Records for this exercise ::
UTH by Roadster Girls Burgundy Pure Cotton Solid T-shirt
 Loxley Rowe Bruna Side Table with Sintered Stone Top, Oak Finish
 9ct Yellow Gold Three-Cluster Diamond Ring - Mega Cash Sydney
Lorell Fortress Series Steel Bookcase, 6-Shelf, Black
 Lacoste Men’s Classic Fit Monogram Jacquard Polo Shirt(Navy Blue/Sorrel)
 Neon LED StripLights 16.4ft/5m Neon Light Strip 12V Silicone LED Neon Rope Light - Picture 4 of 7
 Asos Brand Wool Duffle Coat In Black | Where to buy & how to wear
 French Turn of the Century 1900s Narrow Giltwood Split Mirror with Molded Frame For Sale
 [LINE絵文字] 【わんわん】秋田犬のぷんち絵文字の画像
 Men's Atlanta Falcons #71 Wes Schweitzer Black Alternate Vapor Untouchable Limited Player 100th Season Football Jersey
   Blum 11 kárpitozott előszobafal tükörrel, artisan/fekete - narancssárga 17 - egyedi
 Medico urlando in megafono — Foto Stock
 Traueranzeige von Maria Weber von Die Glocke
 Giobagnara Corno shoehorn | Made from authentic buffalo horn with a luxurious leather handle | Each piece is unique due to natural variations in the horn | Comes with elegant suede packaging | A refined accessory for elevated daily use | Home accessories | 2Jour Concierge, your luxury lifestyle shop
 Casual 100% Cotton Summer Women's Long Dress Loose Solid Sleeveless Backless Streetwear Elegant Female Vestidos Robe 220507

Work to be completed :: Reproduce the listing above exactly, but only from its first line through the line holding "Lorell Fortress Series"; both of those lines are included.

Answer box ::
UTH by Roadster Girls Burgundy Pure Cotton Solid T-shirt
 Loxley Rowe Bruna Side Table with Sintered Stone Top, Oak Finish
 9ct Yellow Gold Three-Cluster Diamond Ring - Mega Cash Sydney
Lorell Fortress Series Steel Bookcase, 6-Shelf, Black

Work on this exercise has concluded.